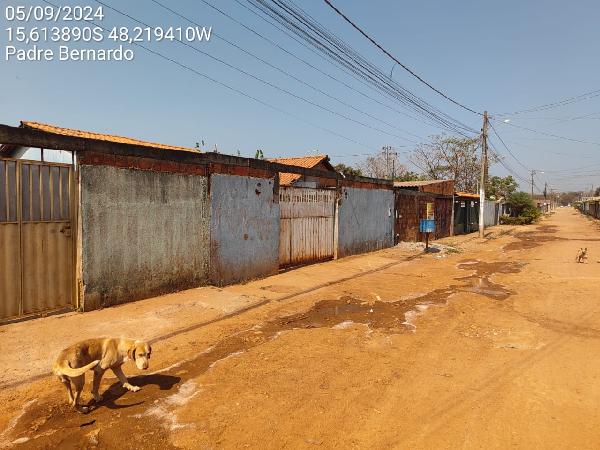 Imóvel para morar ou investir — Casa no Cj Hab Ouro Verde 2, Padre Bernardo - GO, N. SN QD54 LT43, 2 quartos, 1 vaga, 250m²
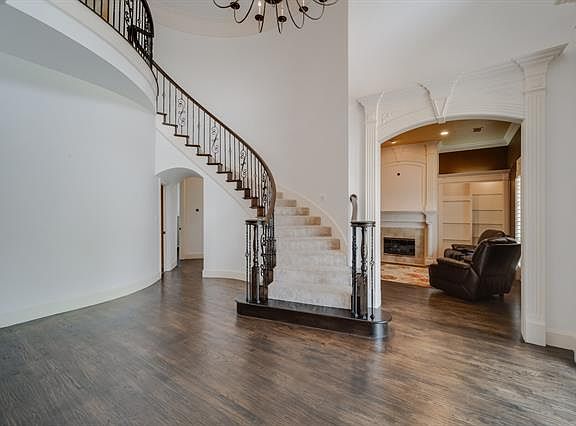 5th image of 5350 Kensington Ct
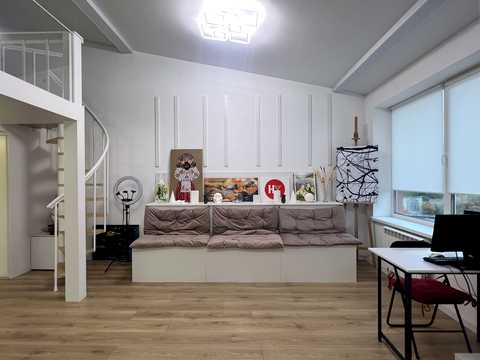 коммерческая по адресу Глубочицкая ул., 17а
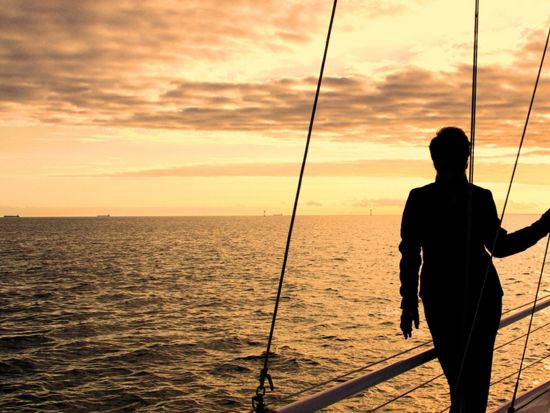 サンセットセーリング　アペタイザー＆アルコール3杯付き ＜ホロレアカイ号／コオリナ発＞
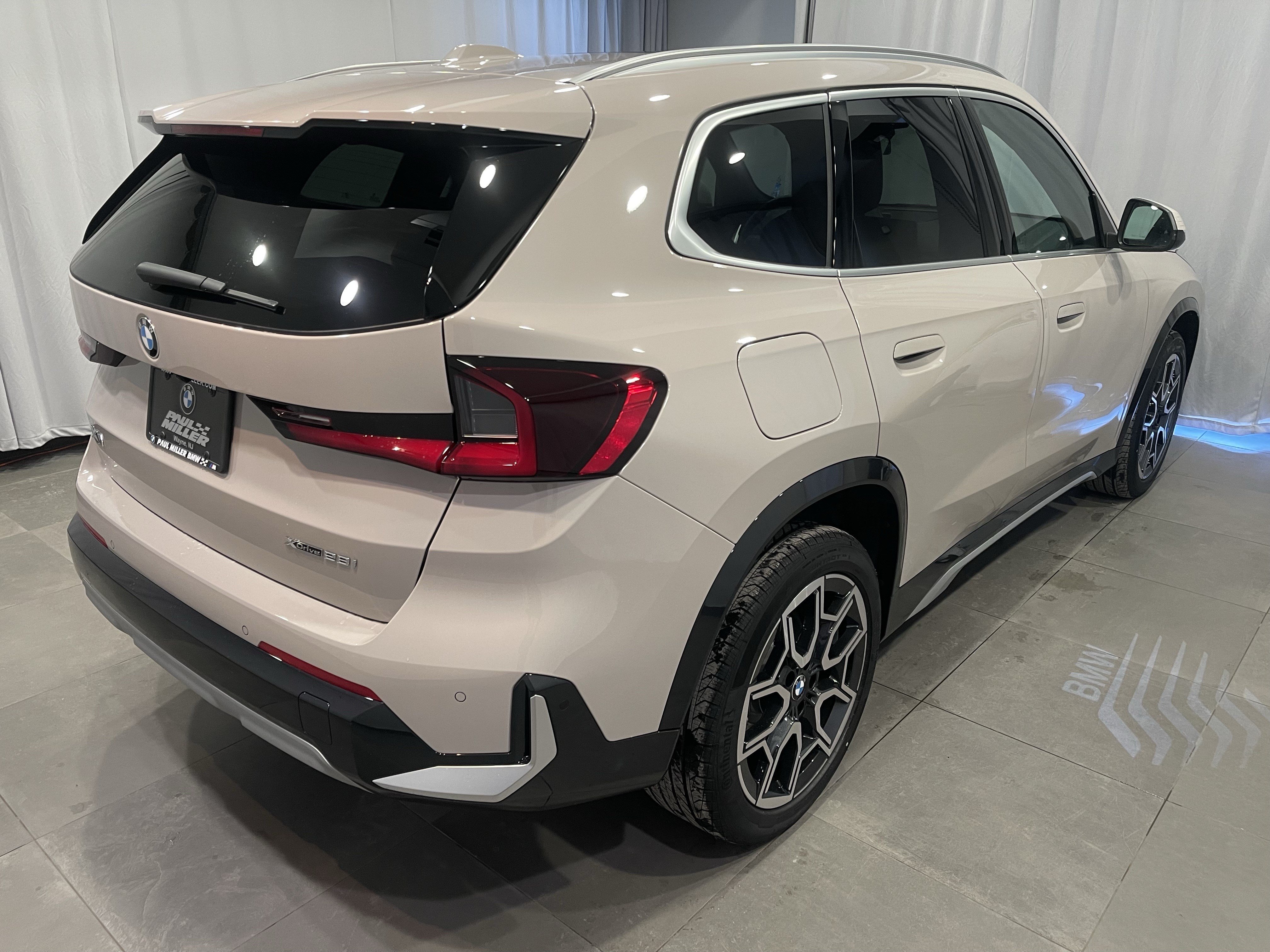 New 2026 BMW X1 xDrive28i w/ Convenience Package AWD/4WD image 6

--

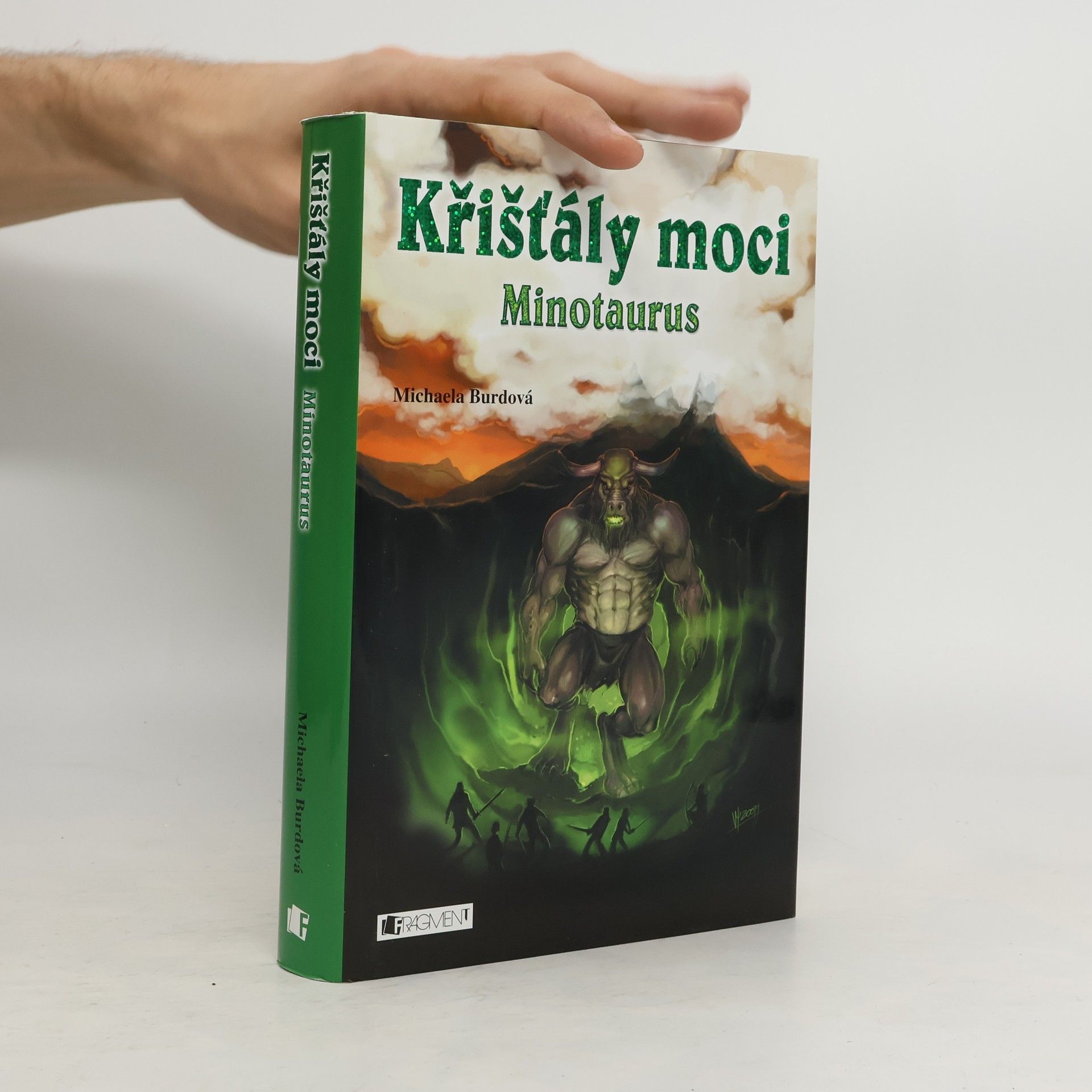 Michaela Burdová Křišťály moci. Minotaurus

* Task to complete: Each line above that falls between the line with "5th image of 5350 Kensington Ct" and the line with "New 2026 BMW" should be printed exactly, together with those two lines, but the pictures should not.

* Solution:
 5th image of 5350 Kensington Ct
 коммерческая по адресу Глубочицкая ул., 17а
 サンセットセーリング　アペタイザー＆アルコール3杯付き ＜ホロレアカイ号／コオリナ発＞
 New 2026 BMW X1 xDrive28i w/ Convenience Package AWD/4WD image 6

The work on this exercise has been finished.